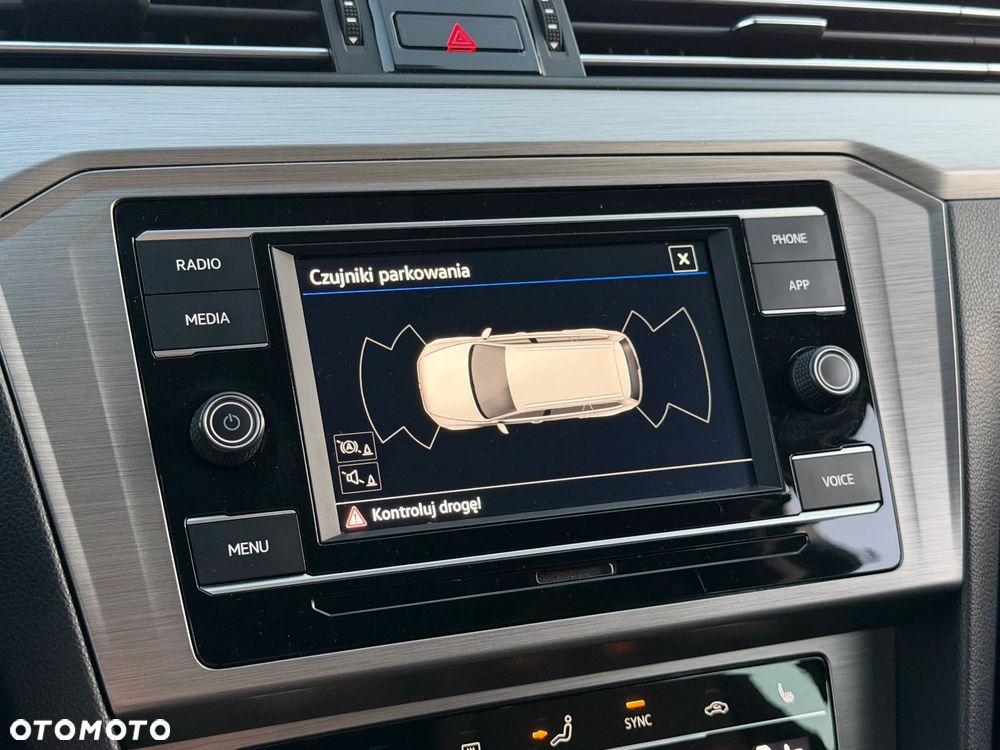Volkswagen Passat 1.5 TSI EVO Business - 26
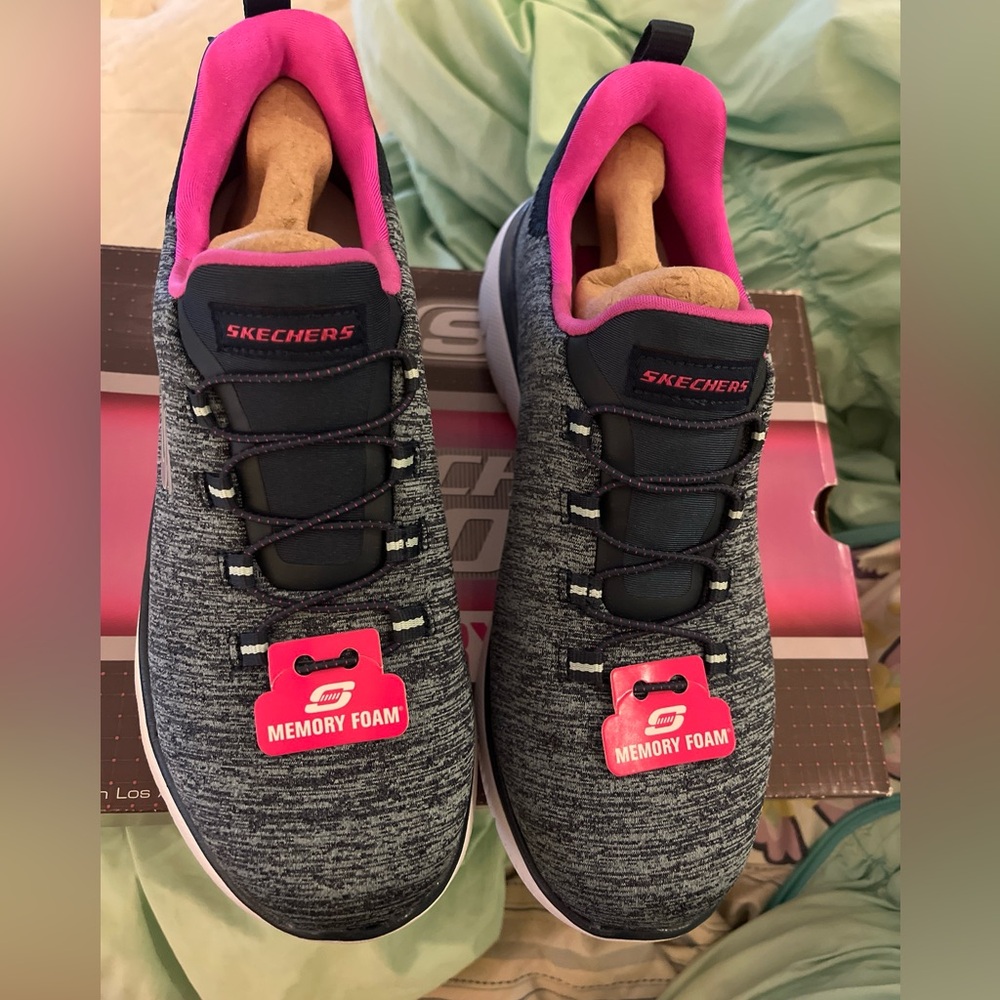 Women's Skechers, Summits - Quick Getaway 12983-NVHP Navy / Pink Fabric Mesh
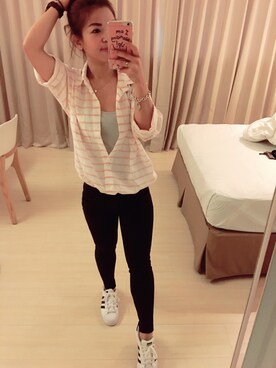 「travel」｜「アイテム（アクセサリー）」を使った、Joan*Linさん（レディース・150cm）の春コーディネート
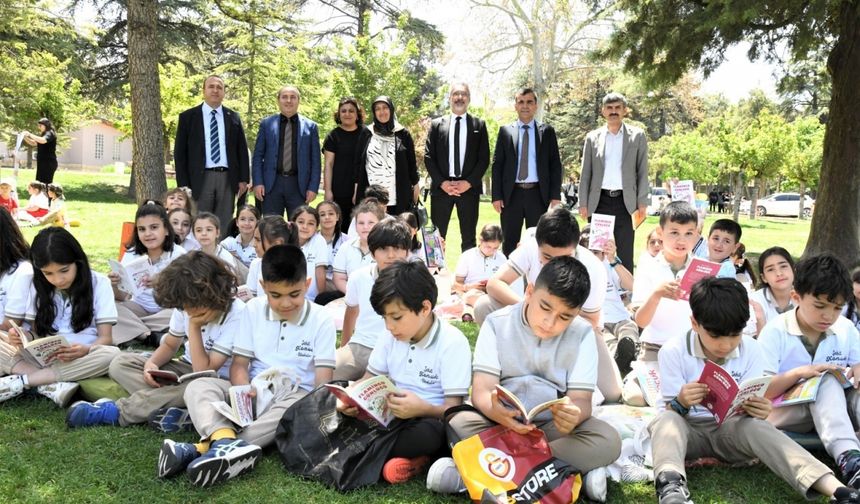 Malatya'da öğrenciler açık havada kitap okudu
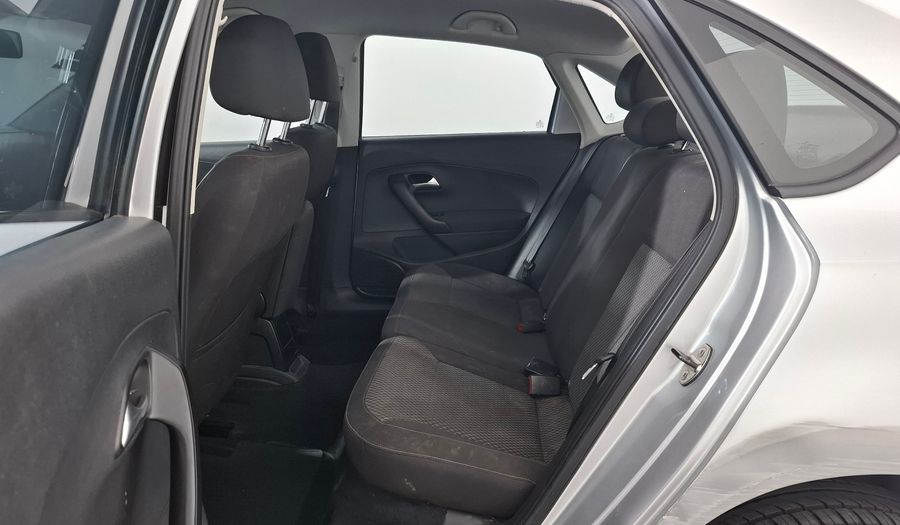 Volkswagen Polo 1.6 COMFORTLINE TIPTRONIC Sedan 2016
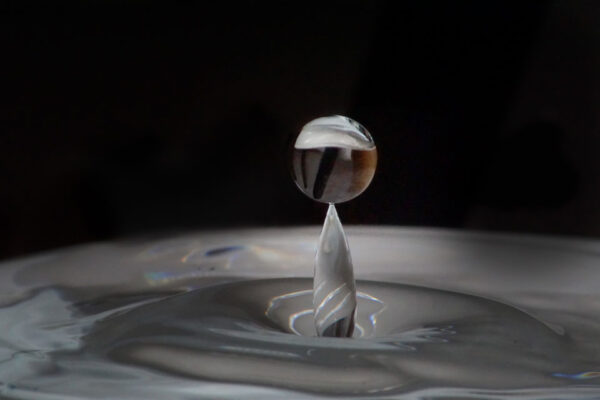 Water drop art - Striations
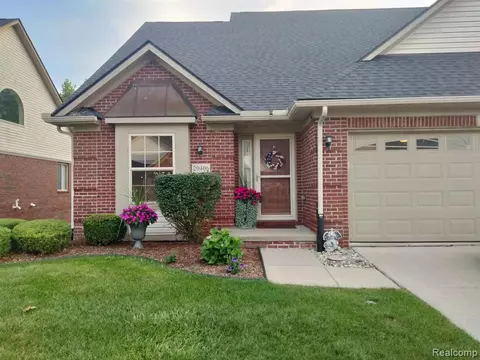 20406 Doves Pointe Dr, Romulus, MI 48174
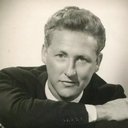 Vincent Ball als Priest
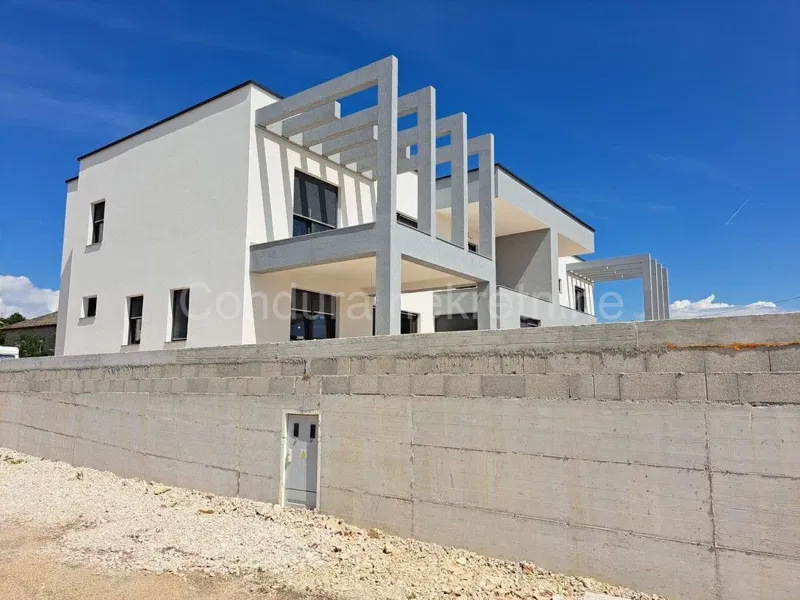 Casa Vrsi – 3
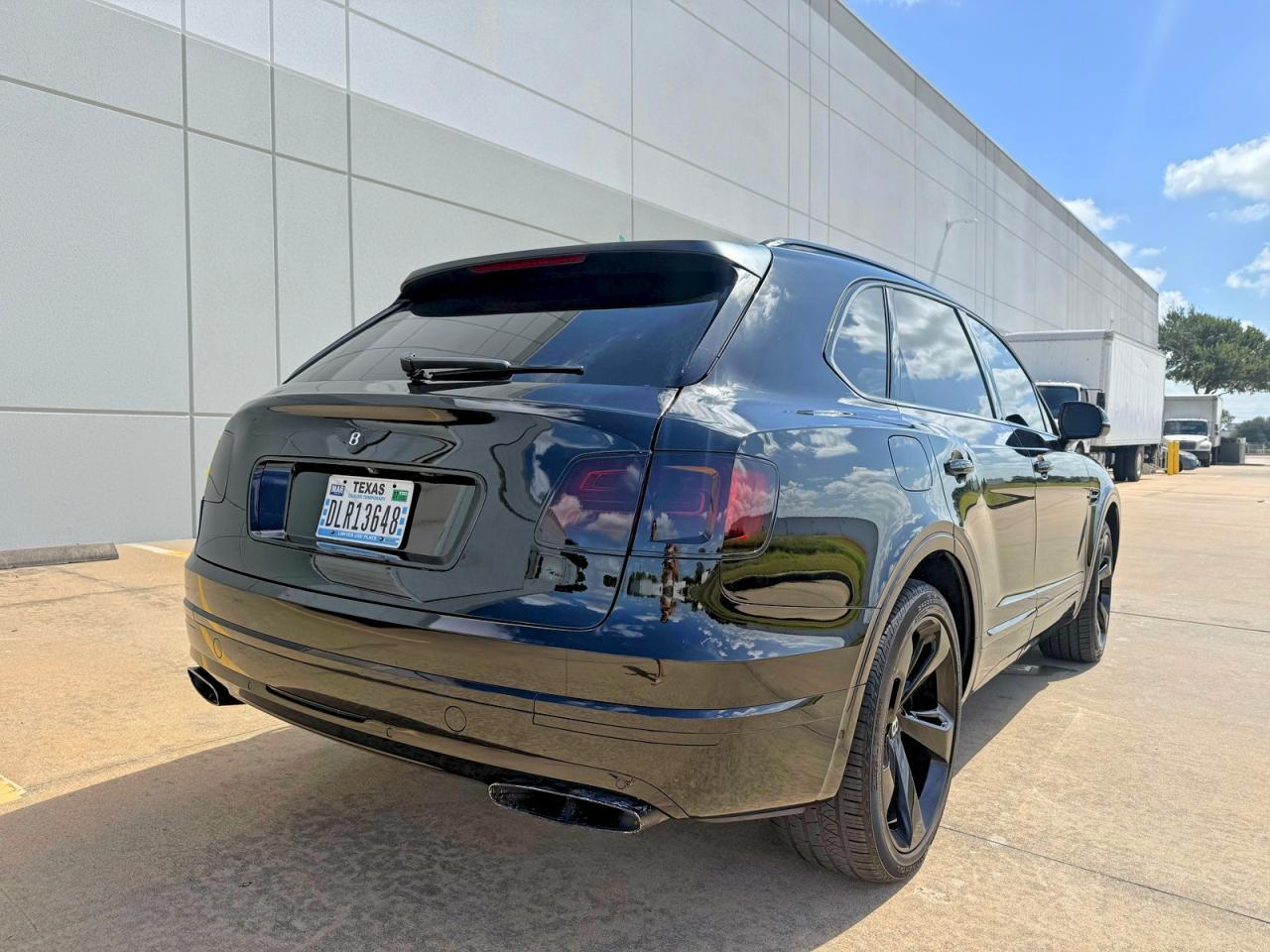 2017 Bentley Bentayga - Фото 4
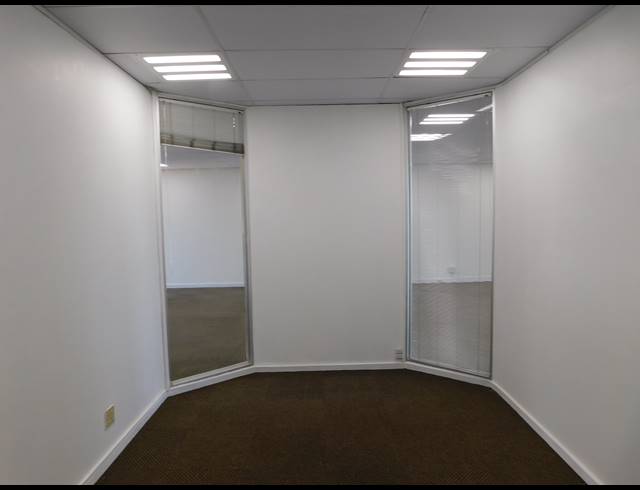 184M² OFFICE TO LET IN ROSEBANK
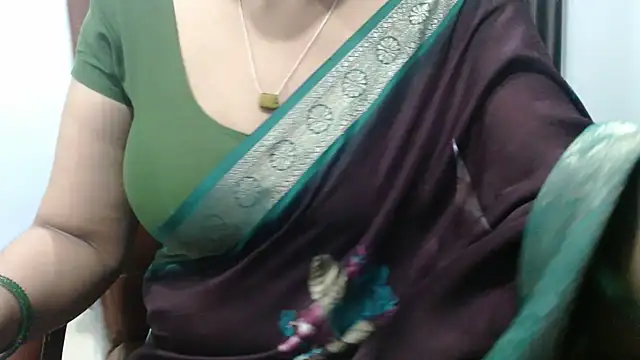 Chat XXX ao vivo de sunitha-3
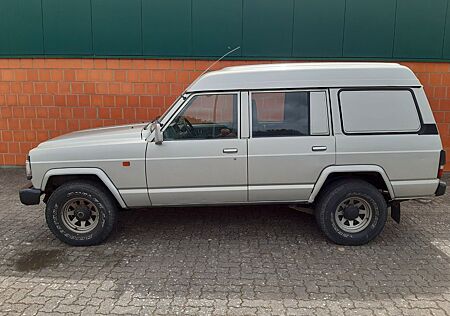 Nissan Patrol 2,8 Turbo-Diesel- lang erst 109000 KM.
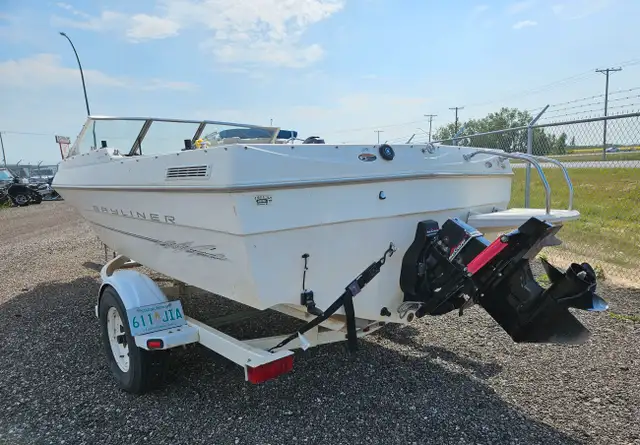 1999 Bayliner Capri 1954 in Powerboats & Motorboats in Regina - Image 5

──────────

Exercise aim →
Without including any pictures, set down word for word every line from the one containing "Women's Skechers, Summits" through the last line of the material.

Solution to this exercise →
 Women's Skechers, Summits - Quick Getaway 12983-NVHP Navy / Pink Fabric Mesh
 「travel」｜「アイテム（アクセサリー）」を使った、Joan*Linさん（レディース・150cm）の春コーディネート
 Malatya'da öğrenciler açık havada kitap okudu
 Volkswagen Polo 1.6 COMFORTLINE TIPTRONIC Sedan 2016
 Water drop art - Striations
 20406 Doves Pointe Dr, Romulus, MI 48174
 Vincent Ball als Priest
 Casa Vrsi – 3
 2017 Bentley Bentayga - Фото 4
 184M² OFFICE TO LET IN ROSEBANK
 Chat XXX ao vivo de sunitha-3
 Nissan Patrol 2,8 Turbo-Diesel- lang erst 109000 KM.
 1999 Bayliner Capri 1954 in Powerboats & Motorboats in Regina - Image 5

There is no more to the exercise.